Deze website wordt niet langer ondersteund in Internet Explorer. Update hier je browser voor een betere ervaring.
Een reeks recente schandalen lijkt voor velen de nood aan basisregels voor het internettijdperk aan te geven. Welke deontologische code komt er voor onze steeds ‘digitalere’ democratie? Anton Jäger betoogt dat er onder de nieuwe regeldrift vooral de verloren hoop schuilt dat het internet ooit de teloorgang van de democratie zou kunnen tegengaan – een zoveelste kostbare illusie uit de jaren 2000.
Op 3 augustus publiceerde de Vlaamse krant De Morgen een lijst met achttien voornamen, voorzien van een eenletterige initiaal. “Deze 18 Reuzegommers riskeren 10 jaar cel na de dood van Sanda Dia,” zo kopte het artikel, gestoffeerd met uitgebreide toelichting bij de familie- en professionele achtergrond van de leden in kwestie. Een week later berichtte de krant dat de gegevens van de aangeklaagden nu ook integraal op een blog te vinden waren, met persoonlijke achtergrond incluis. Begin september besloot VTM zijn oude Telefacts-format te reactiveren voor een reconstructie van de dood van Sandia Dia. Zelfs de traditionele media vinden het moeilijk om de snelheid van het digitale bij te houden, en advocaten maakten zich al openlijk zorgen over de gevolgen van de Telefacts-reportage voor de rechtsgang.
De Reuzegom-onthullingen zetten nogmaals een ongemakkelijke waarheid over het internet in de verf: de snelheid van het digitale strookt slecht met de logheid van het rechtsapparaat, dat leeft bij een zekere luwte en logheid. De kwestie roept voor velen ook de nood op om nieuwe basisregels voor het internettijdperk in te lassen. Welke deontologische code komt er voor onze steeds sneller ‘digitaliserende’ democratie?

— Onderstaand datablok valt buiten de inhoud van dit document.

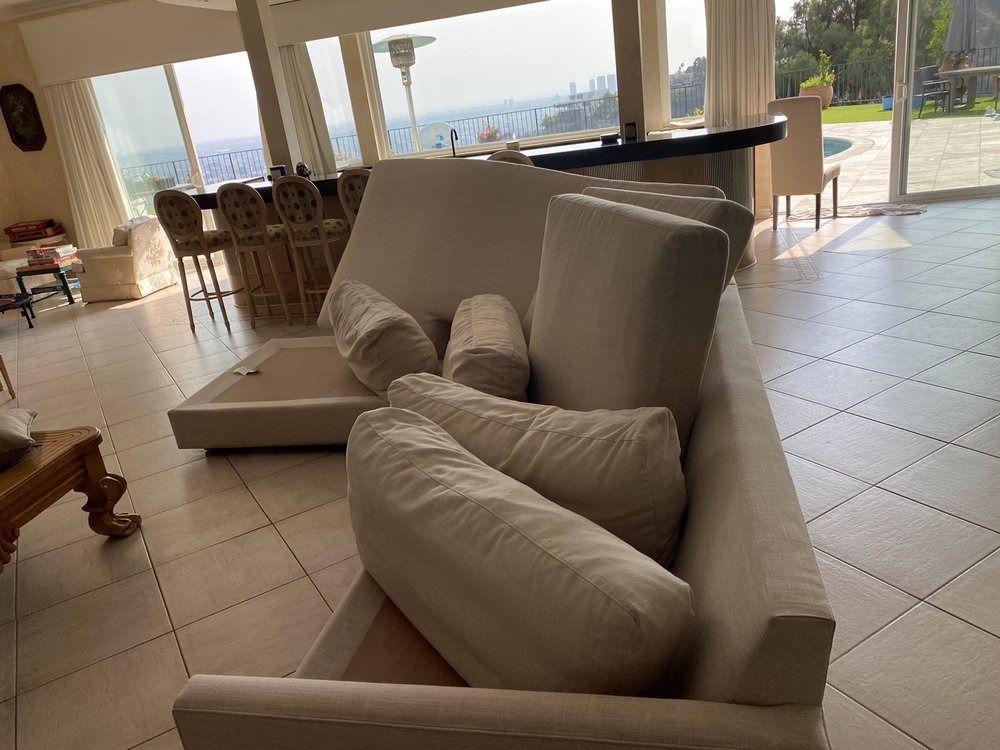 Living room with beige sofa and cushions, tiled floor, and large windows overlooking a bright outdoor view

De Amerikaanse essayist Geoff Shullenberger spreekt zelf van een nieuwe 'opofferingscultuur', waarbij het online zoeken naar zondebokken steeds sterker bepaalde principes van onze rechtsstaat afbouwt en het liberalisme van binnenuit opeet. Zoals Shullenberger het stelt: “In afgelopen jaren heeft de heersende liberale opinie twee verschuivingen ondergaan die volgens critici vaak een uitdaging vormen voor de werkingsprincipes van het rechtssysteem.” De eerste is een toenemende scepsis ten aanzien van principes als een eerlijke rechtsgang en het vermoeden van onschuld, de tweede is de oproep tot afschaffing van politie, gevangenissen en andere instrumenten van wetshandhaving. Deze doelen, randposities niet zo lang geleden, zijn nu in de hoofdstroom terechtgekomen.

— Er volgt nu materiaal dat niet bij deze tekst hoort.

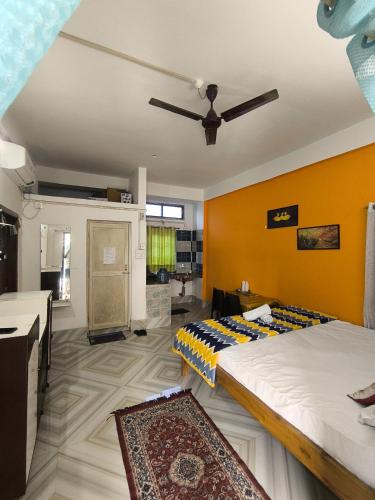 two beds in a room with orange walls at Purabi's Nest in Tezpur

Shullenberger is maar een van velen die deze gemoedswisseling over het internet opmerkte. Nadat dat Russische hackers zogenaamd Trump hadden bijgestaan in zijn verkiezing werd al volop opgeroepen om het verspreiden van fake news op internetplatforms in te perken. Google en Twitter installeerden waarschuwingsmechanisme. Onlangs verwijderde Facebook een reeks anarchistische en extreemrechtse pagina’s als onderdeel van een campagne tegen online-extremisme. Op Twitter geldt de zogenaamde ‘report’-knop als een doodsvonnis voor vele carrières.

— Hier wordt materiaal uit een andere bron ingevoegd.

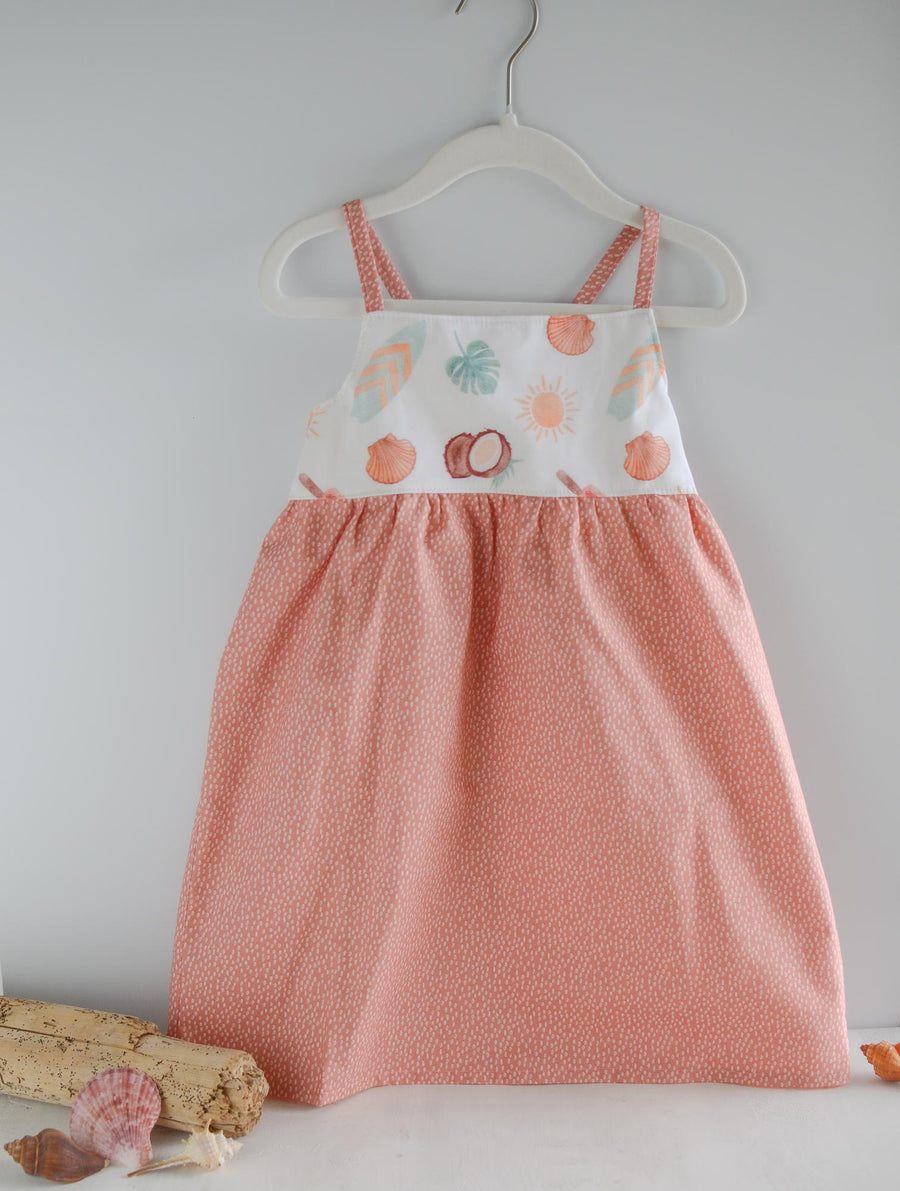 Handmade girls' 'Eternal Summer' dress with playful beachy print and shirred back, made from 100% cotton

Die regelziekte was er amper in de vroege jaren van het internet. Toen leek een nieuwe digitale sfeer vooral mogelijkheden te bieden die de oude partijdemocratie met haar verticale instituten beknotten – het internet 'als het grootste experiment in anarchie dat de mensheid ooit heeft ondernam', zoals de voormalige Googlebaas Eric Schmidt het stelde.
Maar de losheid van het nieuwe internet stak ook schril af tegen de steeds smallere manoeuvreerruimte die politici economisch hadden. Landen die zich in de jaren 1990 bij de Wereldhandelsorganisatie aansloten moesten daarvoor een strenge reeks voorwaarden vervullen, China op kop. Het Europese verdrag van Maastricht zette een plafond op de staatsuitgaven en competitiewetgeving in 1992. Europese lidstaten zouden zwaar beboet worden als ze de opdrachten van de Commissie niet volgden. Toen de Grieken in 2015 een radicaal-linkse regering kozen die een einde beloofde aan het bezuinigingsbeleid werden hun banken op droog zaad gezet.
Terwijl het internet de sluizen van het ‘discours’ opengooide, kromp het economisch speelveld radicaal. In de plaats kwamen de periodieke cultuuroorlogjes, die politici het idee moesten geven dat er nog kwesties van enig belang konden bediscussieerd worden. De verhitte discussies op het net konden de stille consensus op vlak van economie echter niet verbergen. De Franse econoom Thomas Piketty zag er ook een van de redenen voor de recente politisering van het migratiethema in: als politici alle andere politieke instrumenten uit handen gaven, bleef alleen nog maar het sluiten van grenzen over.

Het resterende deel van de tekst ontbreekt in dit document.